__Exercise input__
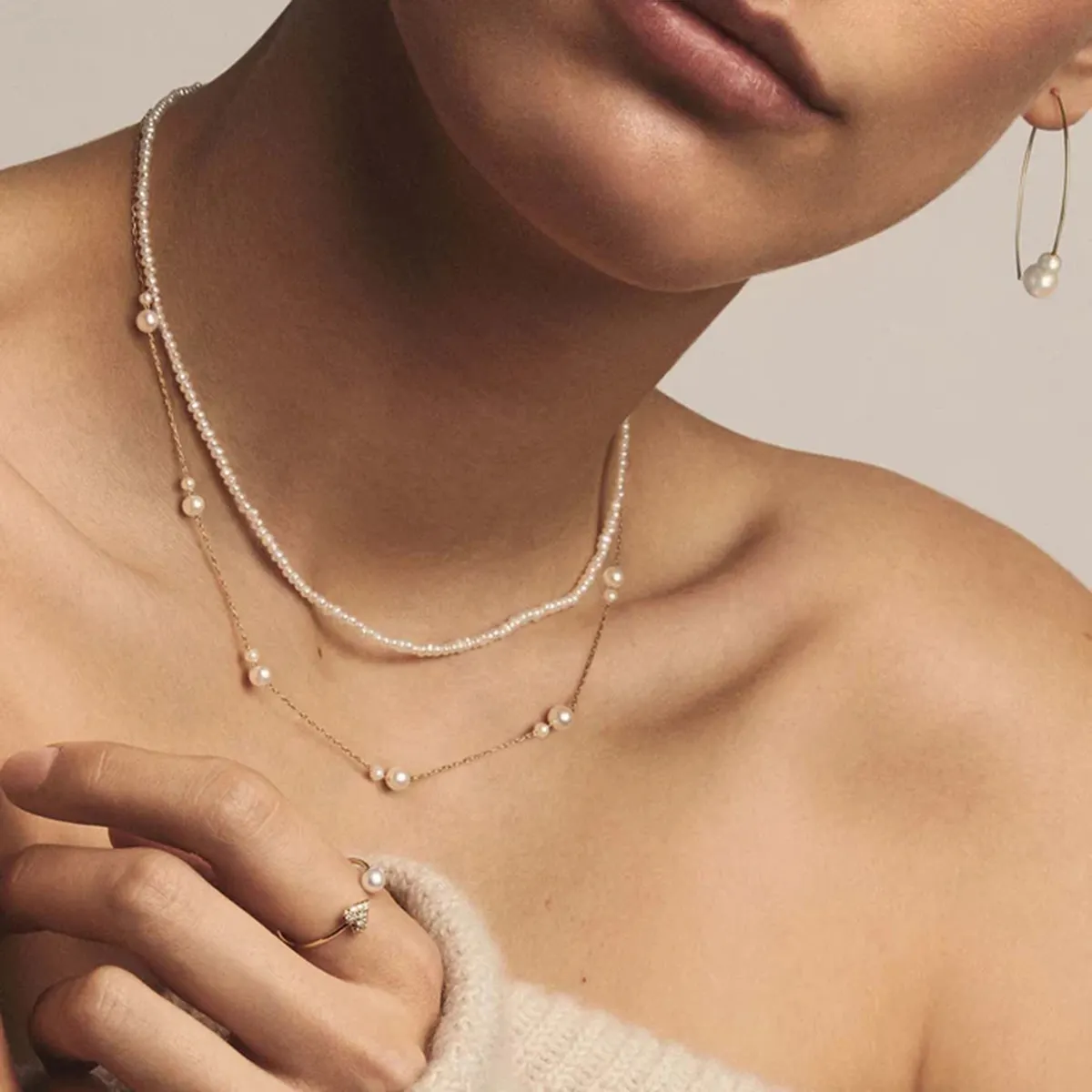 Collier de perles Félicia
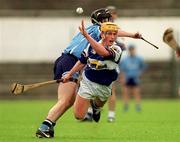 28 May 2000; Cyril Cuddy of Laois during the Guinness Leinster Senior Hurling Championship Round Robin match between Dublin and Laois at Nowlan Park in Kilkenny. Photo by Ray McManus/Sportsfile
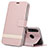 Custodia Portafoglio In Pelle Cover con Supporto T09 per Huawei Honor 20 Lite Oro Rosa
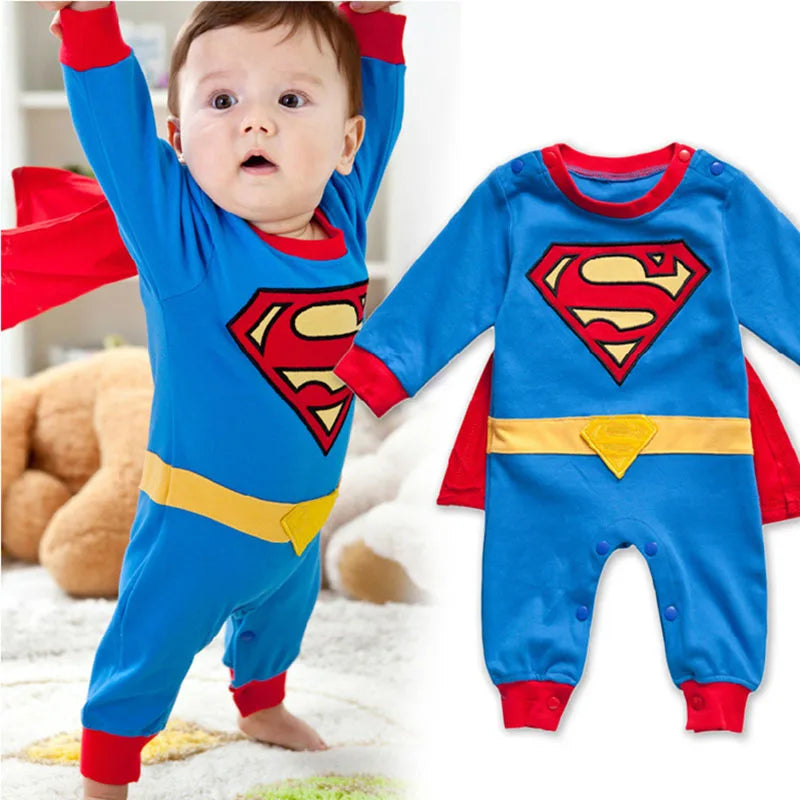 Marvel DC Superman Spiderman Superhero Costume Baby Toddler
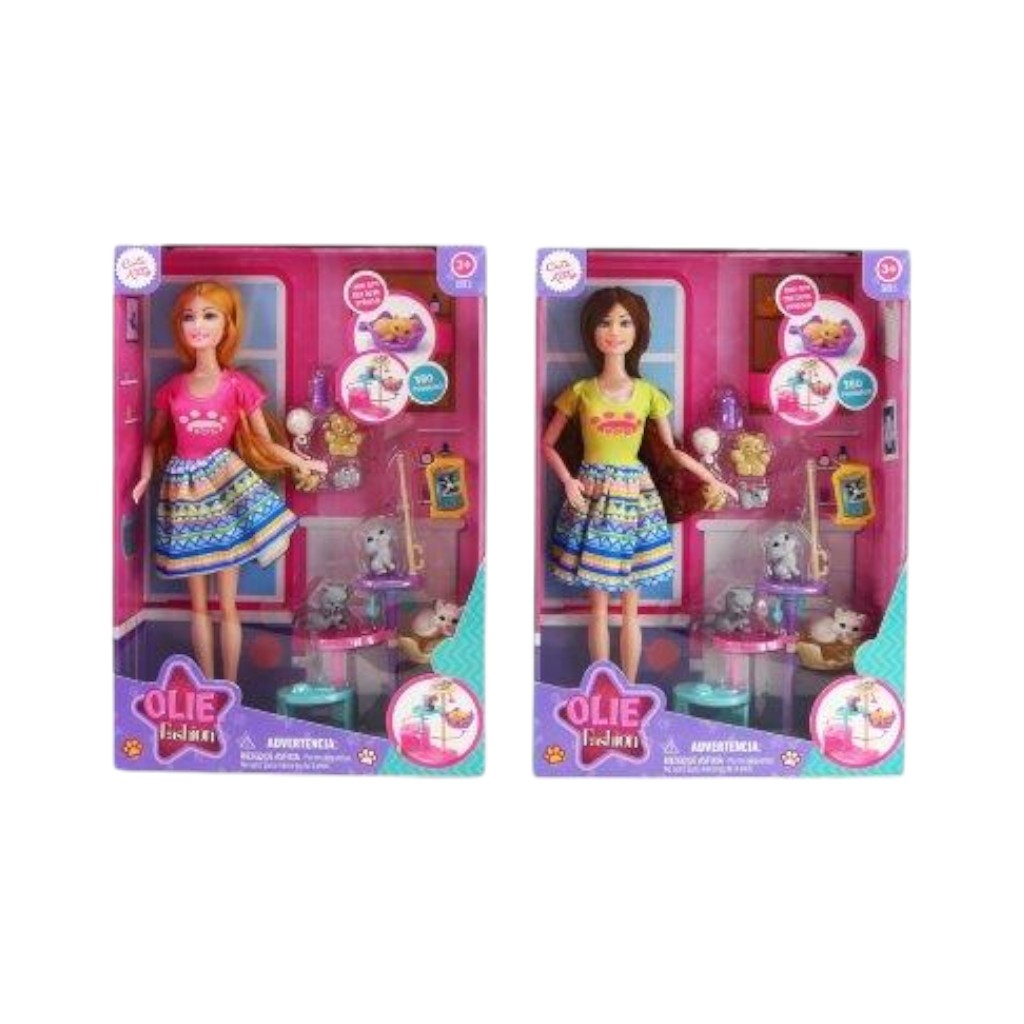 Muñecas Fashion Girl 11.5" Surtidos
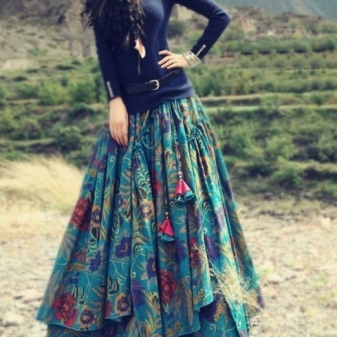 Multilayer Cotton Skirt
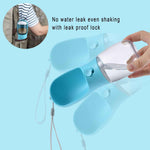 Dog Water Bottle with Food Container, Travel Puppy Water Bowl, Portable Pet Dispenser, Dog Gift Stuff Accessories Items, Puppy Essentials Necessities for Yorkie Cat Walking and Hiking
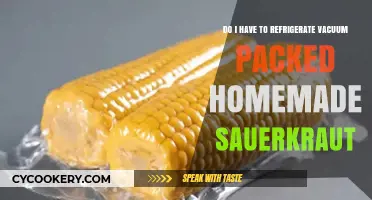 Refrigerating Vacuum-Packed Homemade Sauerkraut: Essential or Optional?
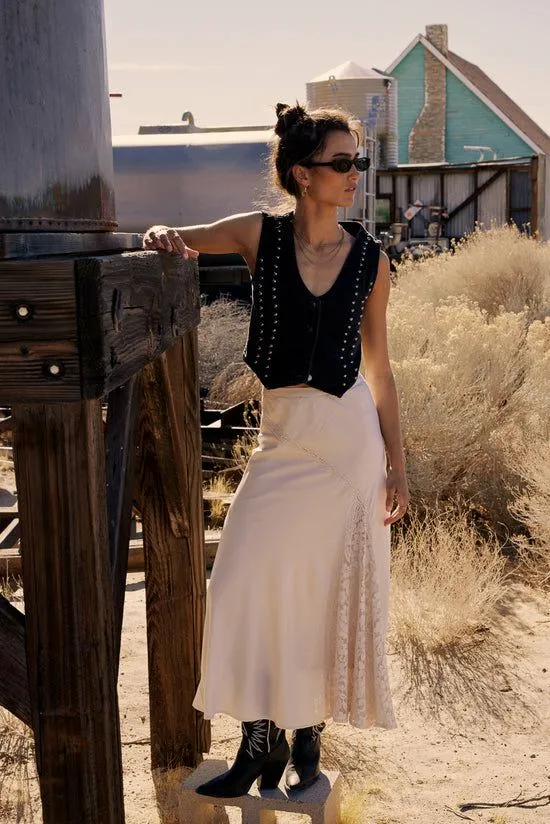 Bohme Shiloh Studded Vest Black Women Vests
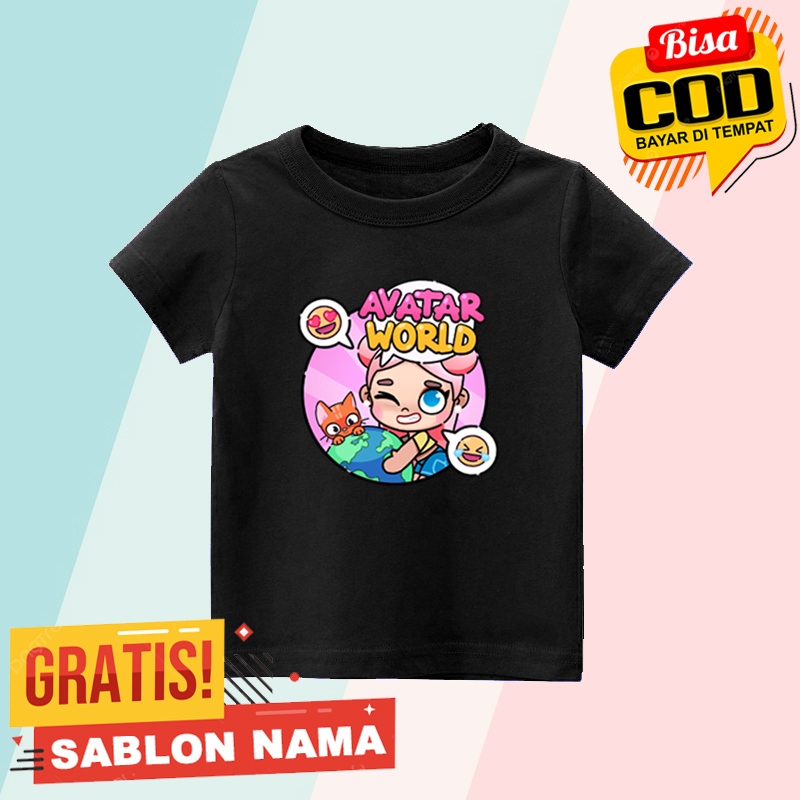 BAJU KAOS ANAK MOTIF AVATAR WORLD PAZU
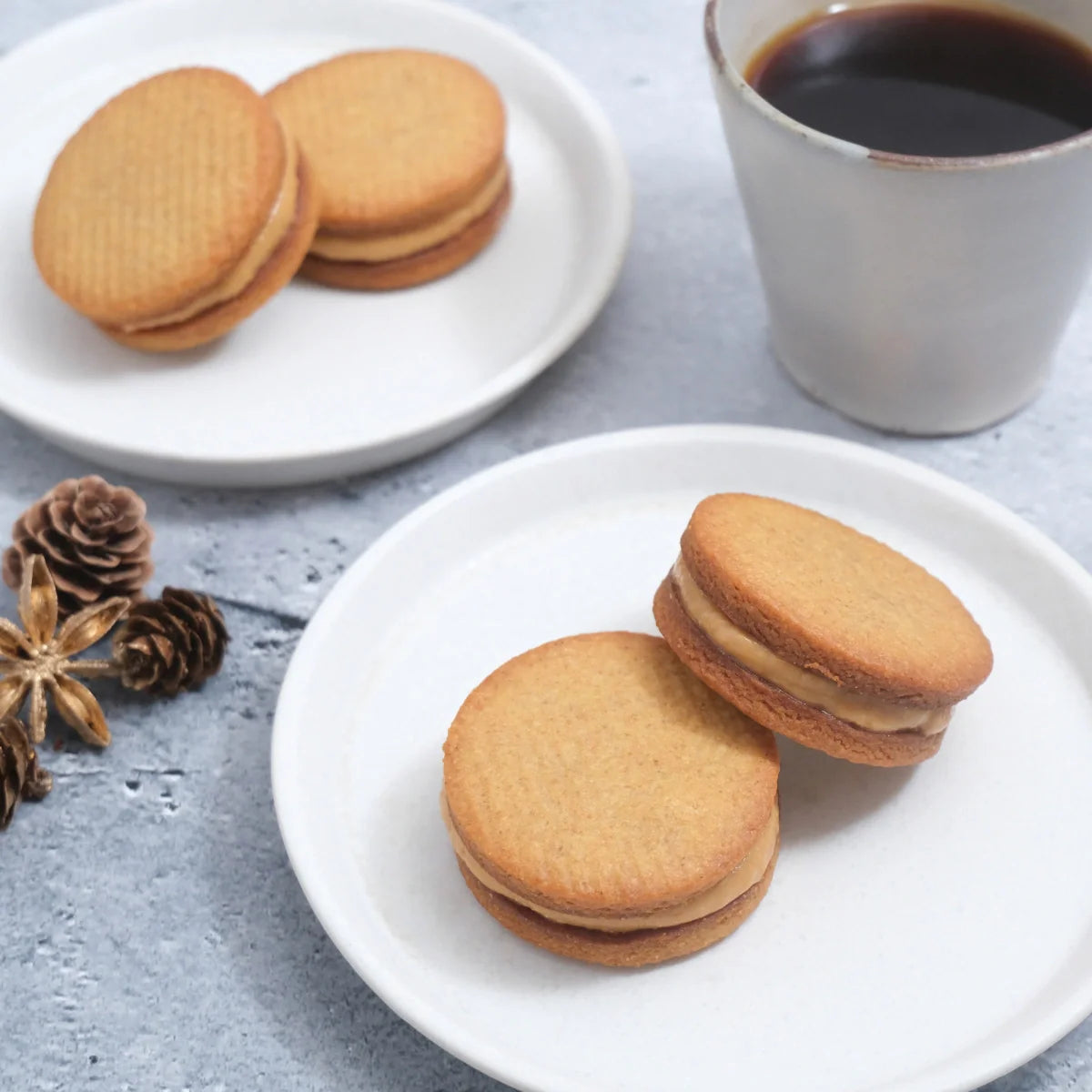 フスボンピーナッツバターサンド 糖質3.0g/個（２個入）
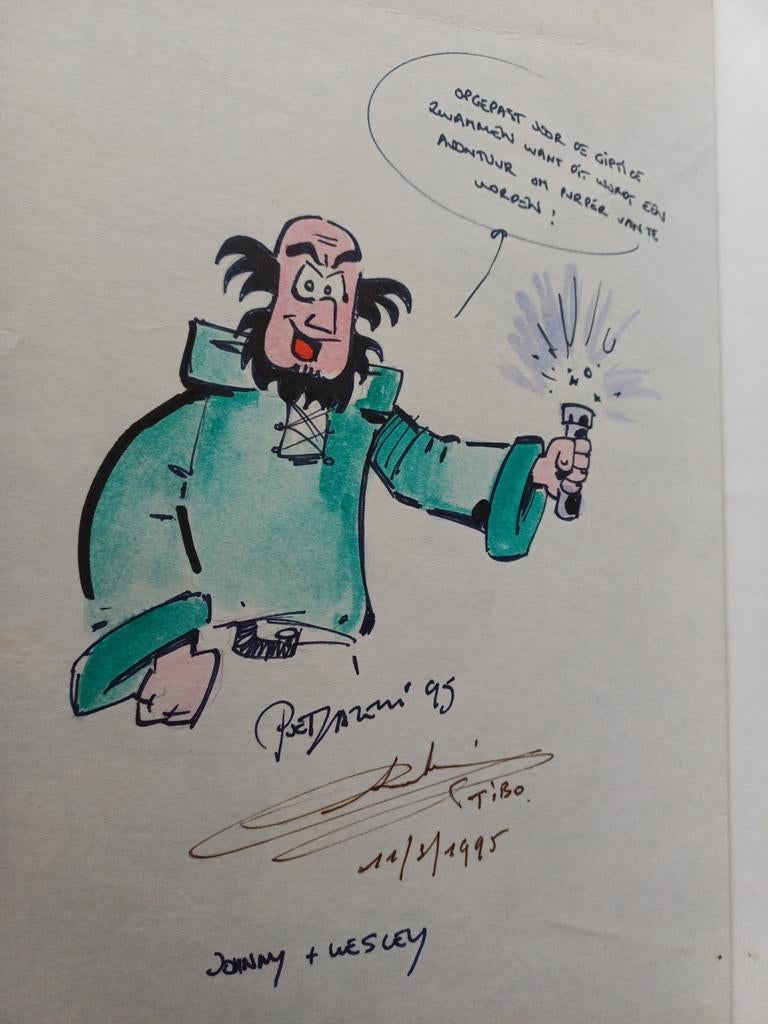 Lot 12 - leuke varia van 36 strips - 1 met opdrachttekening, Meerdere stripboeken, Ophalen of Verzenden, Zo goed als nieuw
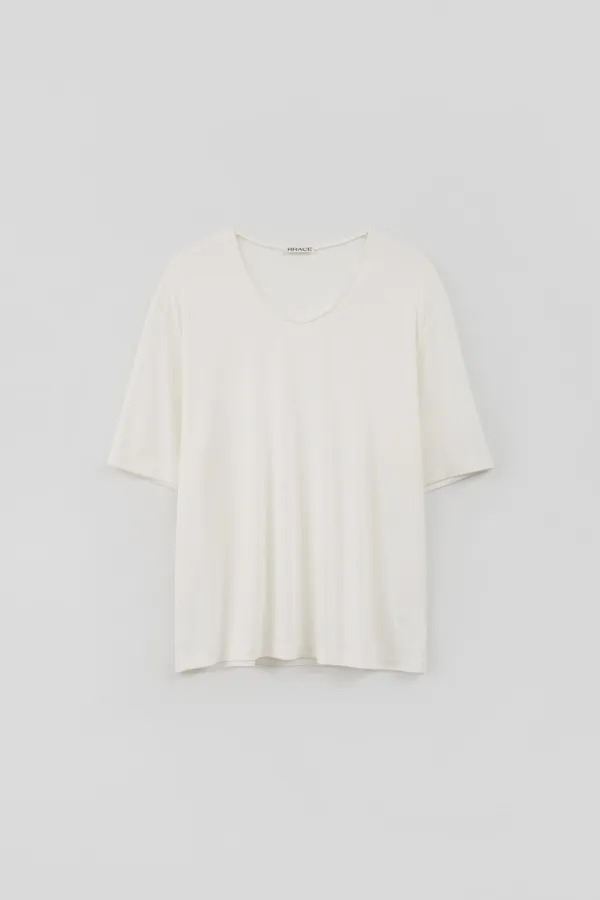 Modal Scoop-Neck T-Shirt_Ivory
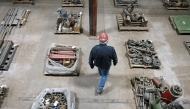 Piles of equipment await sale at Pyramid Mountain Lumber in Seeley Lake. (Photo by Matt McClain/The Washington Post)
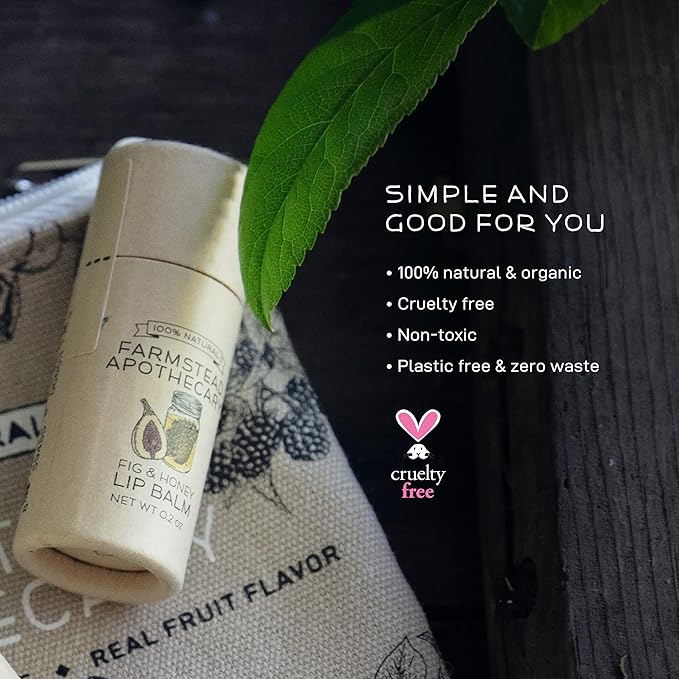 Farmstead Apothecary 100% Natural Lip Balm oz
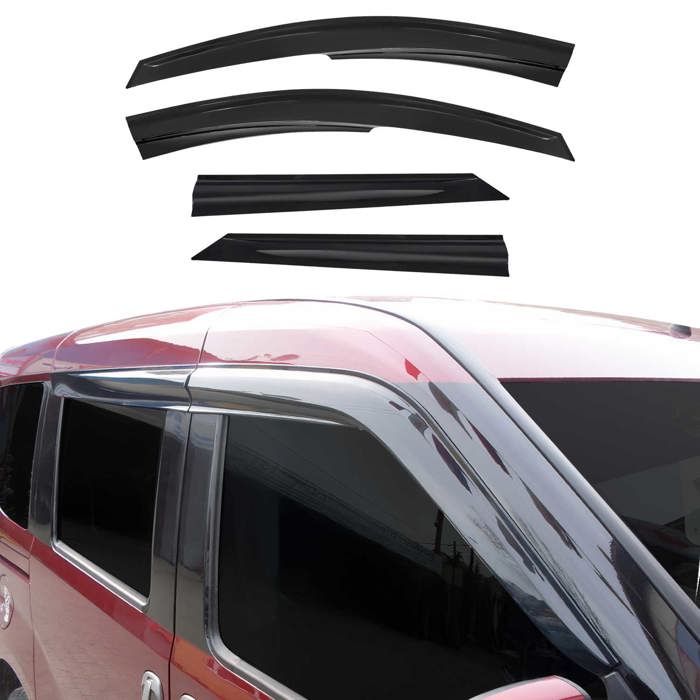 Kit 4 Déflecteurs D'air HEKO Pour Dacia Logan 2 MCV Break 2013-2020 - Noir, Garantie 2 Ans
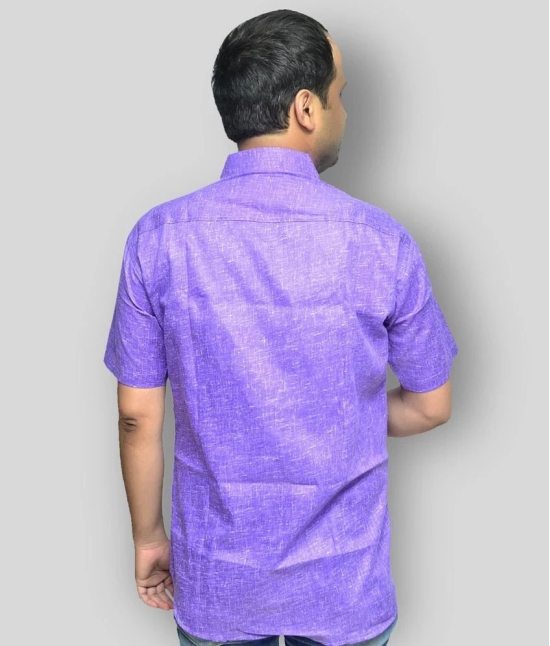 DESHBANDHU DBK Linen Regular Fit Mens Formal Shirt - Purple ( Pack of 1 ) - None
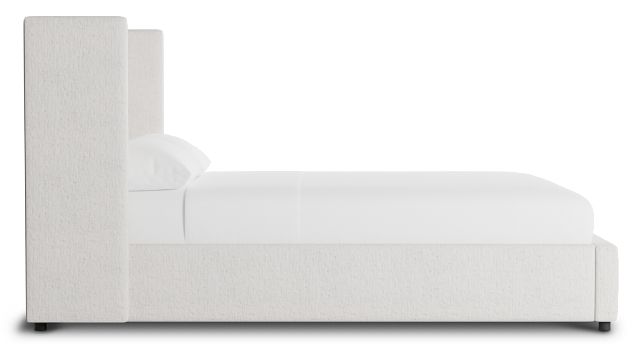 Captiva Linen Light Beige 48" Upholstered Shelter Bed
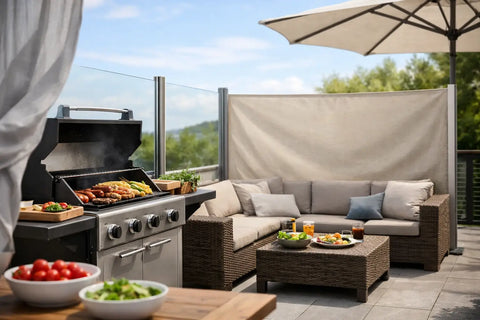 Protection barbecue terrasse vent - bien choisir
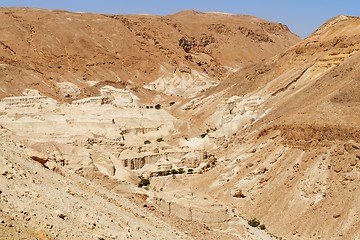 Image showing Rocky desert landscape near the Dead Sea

__Description of the task__
When you repeat the material, keep every word exact and drop the pictures.

__Solution for this task__
 Collier de perles Félicia
 28 May 2000; Cyril Cuddy of Laois during the Guinness Leinster Senior Hurling Championship Round Robin match between Dublin and Laois at Nowlan Park in Kilkenny. Photo by Ray McManus/Sportsfile
 Custodia Portafoglio In Pelle Cover con Supporto T09 per Huawei Honor 20 Lite Oro Rosa
 Marvel DC Superman Spiderman Superhero Costume Baby Toddler
 Muñecas Fashion Girl 11.5" Surtidos
 Multilayer Cotton Skirt
 Dog Water Bottle with Food Container, Travel Puppy Water Bowl, Portable Pet Dispenser, Dog Gift Stuff Accessories Items, Puppy Essentials Necessities for Yorkie Cat Walking and Hiking
 Refrigerating Vacuum-Packed Homemade Sauerkraut: Essential or Optional?
 Bohme Shiloh Studded Vest Black Women Vests
 BAJU KAOS ANAK MOTIF AVATAR WORLD PAZU
 フスボンピーナッツバターサンド 糖質3.0g/個（２個入）
 Lot 12 - leuke varia van 36 strips - 1 met opdrachttekening, Meerdere stripboeken, Ophalen of Verzenden, Zo goed als nieuw
 Modal Scoop-Neck T-Shirt_Ivory
 Piles of equipment await sale at Pyramid Mountain Lumber in Seeley Lake. (Photo by Matt McClain/The Washington Post)
 Farmstead Apothecary 100% Natural Lip Balm oz
 Kit 4 Déflecteurs D'air HEKO Pour Dacia Logan 2 MCV Break 2013-2020 - Noir, Garantie 2 Ans
 DESHBANDHU DBK Linen Regular Fit Mens Formal Shirt - Purple ( Pack of 1 ) - None
 Captiva Linen Light Beige 48" Upholstered Shelter Bed
 Protection barbecue terrasse vent - bien choisir
 Image showing Rocky desert landscape near the Dead Sea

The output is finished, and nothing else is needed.